At a public meeting on November 5, the Commodity Futures Trading Commission (CFTC) voted to propose amendments to its rules requiring the aggregation of certain accounts for purposes of complying with CFTC speculative position limits. The proposed aggregation rules would continue the current practice of evaluating positions on the basis of both ownership and control. These rules require the aggregation of all positions in accounts in which a trader either (i) holds a direct or indirect ownership of 10 percent or more, or (ii) controls trading, by power of attorney or otherwise.
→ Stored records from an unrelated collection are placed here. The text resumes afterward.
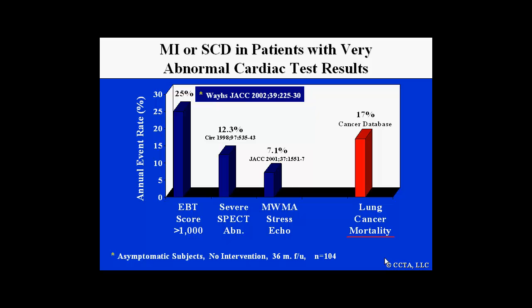This is an example of looking at individuals with very high calcium scores, scores above 1,000. This study published in 2002 found that individuals who had very high scores but were not treated aggressively with medical therapy had an annual event rate as high as 25% per year. Even if that figure is halved to 12%, look at the relationship between risk in terms of finding severe SPECT abnormalities or multiple regional wall motion abnormalities on stress echo. Thus, finding a very high calcium score is a very high indicator of subsequent future cardiovascular risk.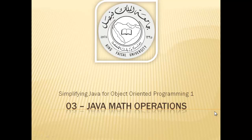Assalamualaikum. Welcome to this video tutorial on simplifying Java for OOP1 students of King Faisal University and for others who want to learn Java. This is part 3 in this series and is entitled Java Math Operations.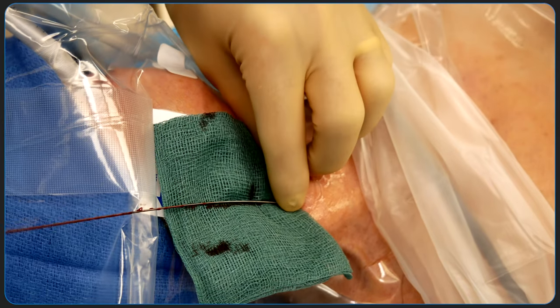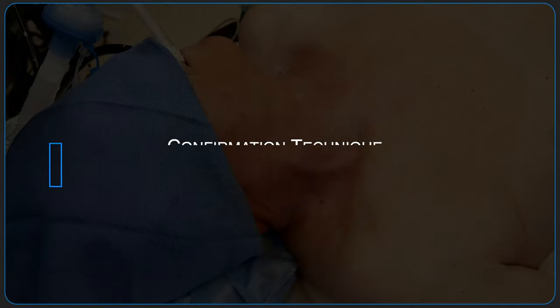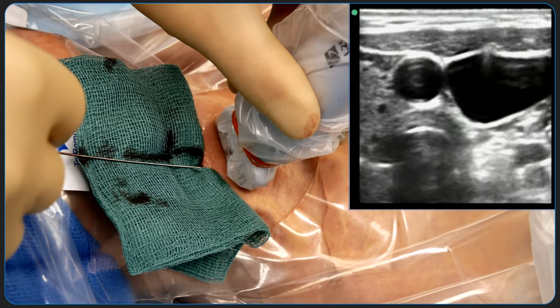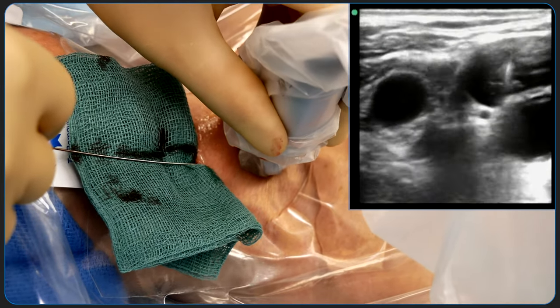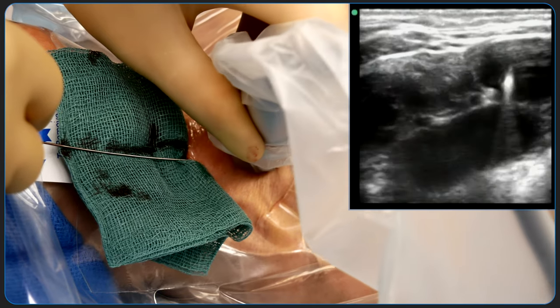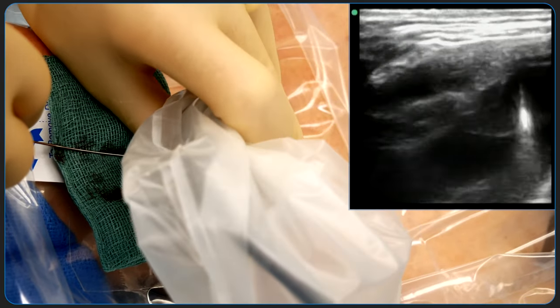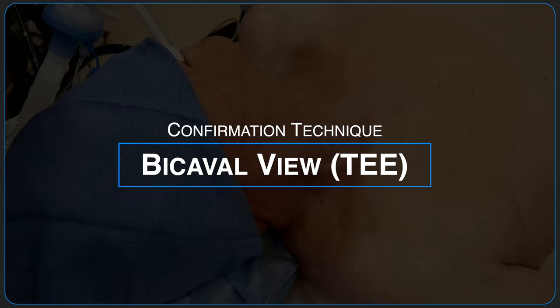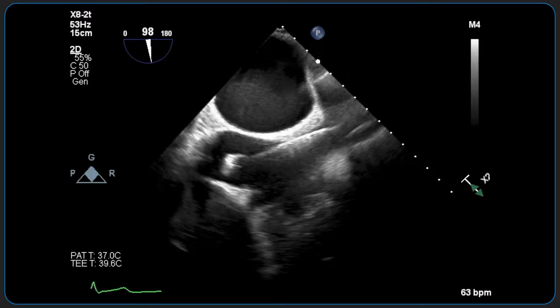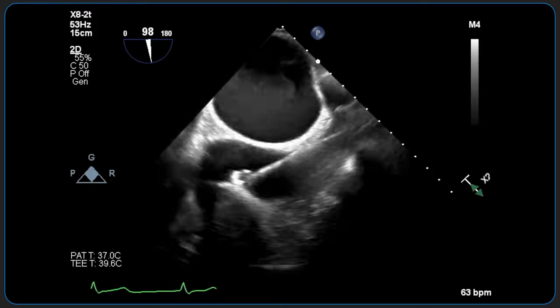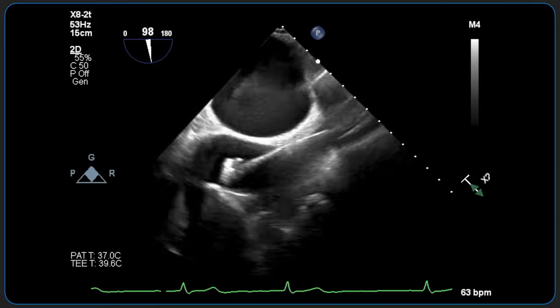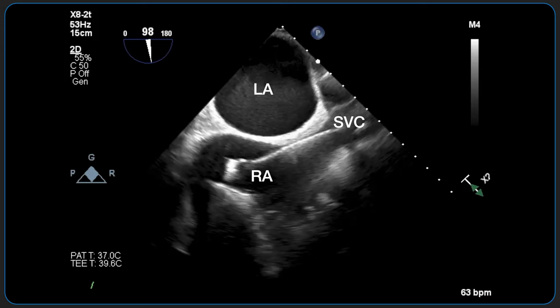The introducer needle is then carefully removed over the wire. Ultrasound can help confirm appropriate guide wire insertion. The guide wire is visualized in the lumen of the internal jugular vein and traced caudally past the clavicle and visualized in the subclavian vein. Trans-esophageal echocardiography can also help confirm placement of the guide wire with a bicaval view. The bicaval view demonstrates the connection of the superior and inferior vena cava with the right atrium. The J-tip guide wire is visualized here in the right atrium.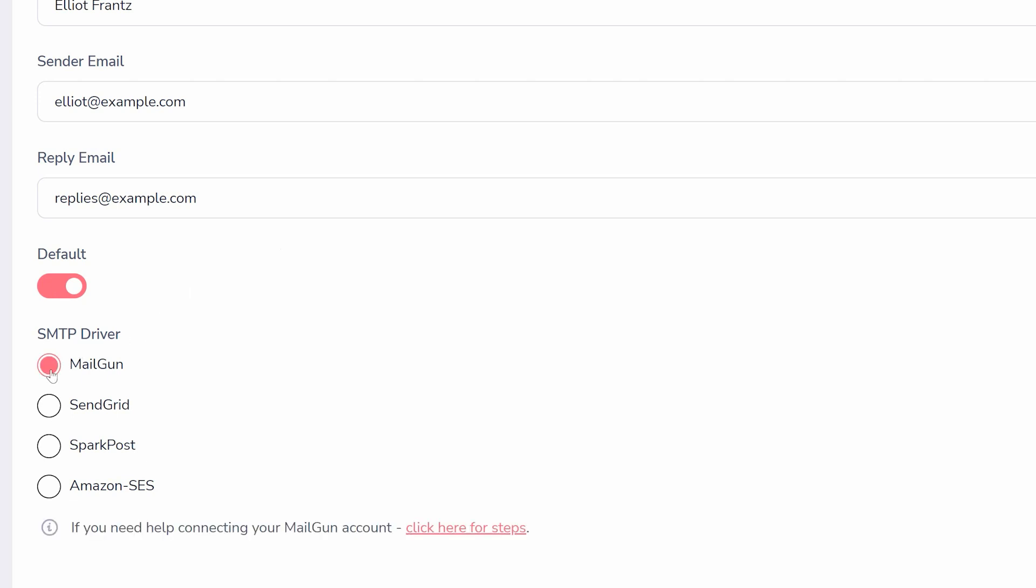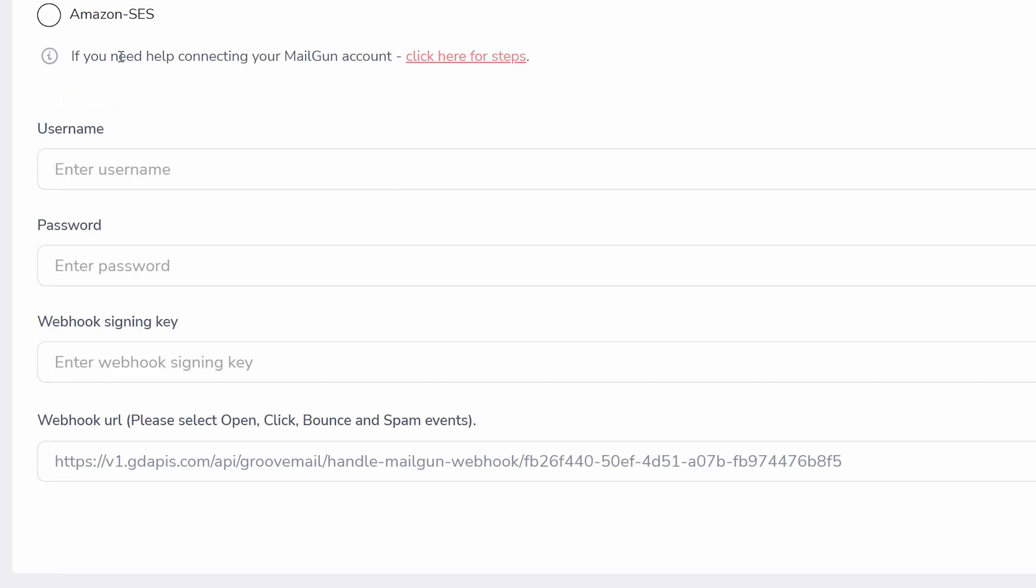Mailgun, for example, requires username, password, and webhook signing key. Then you are given a webhook URL to bring back to Mailgun.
As summarized below, the proposal notably retains (with some modifications) many of the “disaggregation” exemptions that are available under existing CFTC Regulations and would also create certain new exemptions.

  • Independent Account Controller Exemption. The proposed rule retains the independent account controller exemption, which provides that an “eligible entity” is not required to aggregate client positions controlled by an authorized “independent account controller” (which terms are defined in substantially the same manner as under the CFTC’s current rules). The proposal clarifies that this exemption is applicable only to the positions of the eligible entity’s clients (and not the eligible entity itself) and is not available for physically delivered commodity contracts during the spot month.  Persons utilizing the independent account controller exemption are required to file a notice with the CFTC.

  • Passive Pool Exemption. The proposal also retains the exemption for certain limited partners, shareholders and similar types of passive investors in commodity pools, including an investor that is a principal or affiliate of the pool operator, provided the principal or affiliate meets certain criteria to demonstrate its independence and fulfills a newly proposed filing requirement.

  • FCM Customer Trading Programs. The proposed aggregation rule retains an existing exemption for customer trading programs offered by a futures commission merchant (FCM) if a person other than the FCM or its affiliates directs the trading in such an account, but imposes a new filing requirement for FCMs that rely upon this exemption.

  • Owned Entity Exemption (10 Percent to 50 Percent Ownership). Under proposed CFTC Regulation 150.4(b)(2), a person whose ownership or equity interest in another entity is between 10 percent and 50 percent would not be required to aggregate its positions with that entity’s positions if such person files a notice with the CFTC and both parties: (i) do not have knowledge of each other’s trading decisions; (ii) trade pursuant to separately developed and independent trading systems; (iii) have established written information barriers that include documented routing procedures, security procedures and separate physical locations to maintain independence; (iv) do not share employees that control trading decisions; and (v) do not share risk management systems. This amendment is intended to expand the availability of disaggregation to any person whose ownership interest in an underlying entity exceeds the 10 percent threshold currently reflected in the CFTC’s aggregation rules. 

  • Owned Entity Exemption (Greater Than 50 Percent Ownership). A person with an ownership interest of greater than 50 percent would be permitted to apply to the CFTC for an aggregation exemption if: (i) the applicant does not and is not required by US generally accepted accounting principles to consolidate the owned entity under the applicant’s financial statements; (ii) trading is independently controlled; (iii) each representative of the applicant on the owned entity’s board certifies that he or she does not control the trading decisions of the owned entity; and (iv) the owned entity’s positions are held for bona fide hedging purposes or do not exceed 20 percent of the position limit. However, this exemption is not automatic, and the CFTC has the authority to grant or deny these applications. The owned-entity exemption would also apply to higher-tier entities (such as upstream holding companies) that comply with the applicable requirements.

  • Underwriting and Broker-Dealer Activities. The proposed rule provides an exemption for a broker-dealer that acquires an equity interest in an entity as a result of certain underwriting or market-making activities.

  • Information-Sharing Prohibitions. The proposed rule includes a new conditional exemption where aggregation would create a reasonable risk of violating applicable laws governing the sharing of information between the aggregated entities. To utilize this exemption, a person must file a notice with the CFTC that includes, among other things, a written memorandum of law explaining why the sharing of information creates a reasonable risk of violating applicable law.

  • Identical Trading Strategies. The proposed rule also clarifies that these various exemptions do not apply to any person that holds an ownership interest or controls the trading of more than one account or pool with substantially identical trading strategies.

At the same meeting, the CFTC approved a separate companion release that would expand the CFTC’s position limit authority over 28 physical commodity futures contracts and certain economically equivalent instruments, which will be the subject of a separate client advisory. Each of these rule proposals will be open for public comment for a period of 60 days following its publication in the Federal Register.